The last book I wrote took shape behind a very un-peek-behindable curtain, for reasons of personal sanity and also laziness. But the more I’ve begun to hang out with writers, the more I want to talk about writing (and also write, duh). And even though many, many others have written longer and better about how to write, my dear friend (and totally accomplished writer) Simi asked me the other day for tips on, you know, actually starting a novel. In response, I wrote her a novel’s worth of information, and now I’ve adapted it to share with you.
And! I’m starting my next book, so I’ll have lots of bare-laying to do in the coming weeks. We’ll see this thing through together, you and I. Sharing is good for you!
So: write a novel. What’s the worst that could happen?
No, I’m serious. I need to know—you need to know—in the universe of your fiction, what is the worst thing that could happen.
Got an answer? You’ve got a story.
Based on what I’ve done personally slash absorbed from my very minimal writing workshop experience, I believe that ideas for stories can come from one of two points of origin: either you come up with a CHARACTER you love and want to write about, or a SITUATION that will become the plot/problem. (The third, secret idea-germ is THEME, but TBH I don’t think a lot of writers think in themes—we’re much more likely to latch on to the specific details than the more abstract, overarching implications…at least at first).
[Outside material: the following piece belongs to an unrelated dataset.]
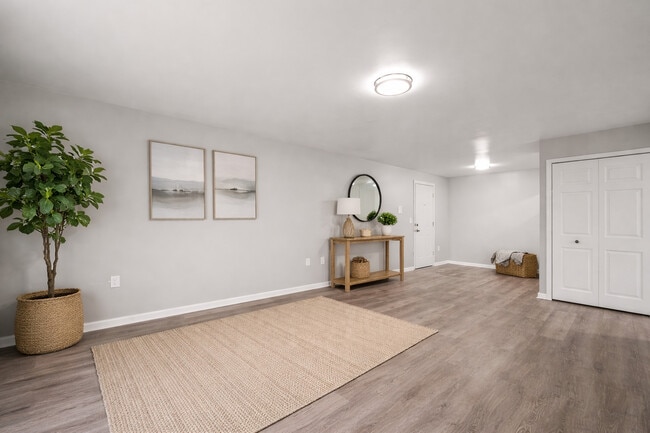 Westgrove Apartments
Once you’ve got your idea-germ, the trick is in taking specific details that surface in the Petri dish of your brain and culturing them into a complete, dynamic arc. This sounds so much fancier than it is! But that’s the gist of narrative: beginning, middle, end; exposition, action, climax, resolution; whatever. You probably know these things fairly intuitively, so don’t sweat mapping everything out to the last detail—as you let ideas percolate in your head, they just sort of fall into place.
But! You can still tease them out, like so. Daydream your way to a novel!
Option 1: you have a character. If you’re like me, the character is NOT AT ALL complete when you first imagine (encounter? discover?) her or him—there’s just a strong feeling about the way they act, or a specific reaction they have in one moment, or even a physical description of what you want them to look like. All valid! Once you’ve got that little bit, then you need to extrapolate outwards and make them into a whole person.
For example, let’s say you want to write about some badass lady with a nose ring who lives in New York. You really have no idea what she’s about except that 1. she has a nose ring and 2. she lives in New York, but for some reason those things are really speaking to you. Who knows why this happens? Anyway, take those two attributes and connect them to her emotional state: what’s with the piercing? Why New York? Then, once you know how she feels about herself, via these two things, spin them out into what she wants. Maybe she hates New York and wants to leave. Maybe she desperately needs to cure the tetanus she got from the shady piercing salon. And finally, once you’ve got the wants down, throw a wrench into her path with some obstacles. She’s broke. She just got fired. She doesn’t trust doctors because her father was a doctor and he emptied out her college fund.
This is a really janky way of getting to what all the writing books call “goal-motivation-conflict.” I’m not big on thinking of it that way because it feels artificial, but in the end, you do need those three things to make a story. The story is the story of the character overcoming the odds (or not) because of whatever particular fire is burning in their belly. And the most important thing, I think, is why this particular conflict is happening to this particular person. It’s cruel, but you once you know your character, you have to throw them under the bus and into the lion’s den: give them the one thing that crashes into their beliefs, challenges their strengths, and plays to their weaknesses. Why is this problem in particular the worst thing that could happen to this particular person? THEN you’ve got intrigue (though it doesn’t have to be HEAVY and dramatic—it could be as fluffy as “Jane is a timid high school senior who’s suddenly confronted with her worst nightmare: she’s the lead in the musical! Oh noes!”)
Option 2: you have a plot. Basically, you’re going to do the same thing, in reverse. For example (based on a true fictional story I wrote once!), let’s say you really want to write about a girl who suddenly finds herself saddled with the responsibility of writing the anonymous advice column for her high school paper. What kind of person would get in the most trouble if this happened? I made Emily (my heroine) a good but highly private writer (she’s a fanfiction nerd) who doesn’t have a great grasp on social interaction…but has to take the column as extra credit or she’ll flunk English (too much daydreaming about Harry Potter makes for bad grades). This worked pretty well because she messed up a lot writing the column, and hijinks ensued! Then, I worked to bend the arc of the narrative towards some mild lesson-learning (trust your friends, be true to yourself, blah blah blah) and all’s well that ends well (what?! it’s a romantic comedy!).
The takeaway here is that if you know the kind of situation you want in your story, you can also use that to suggest character—and character, ultimately, is what makes or breaks your story. The real trick is getting your plot and characters to weave together, affect each other reciprocally, and most important, change over the course of the story, thus creating something bigger than the sum of their parts (or, as an English teacher would call it, theme).
Phew. You made it. Now answer me this: what potential next-time sounds good? Research? Plotting? Advanced Butt-in-Chair Studies?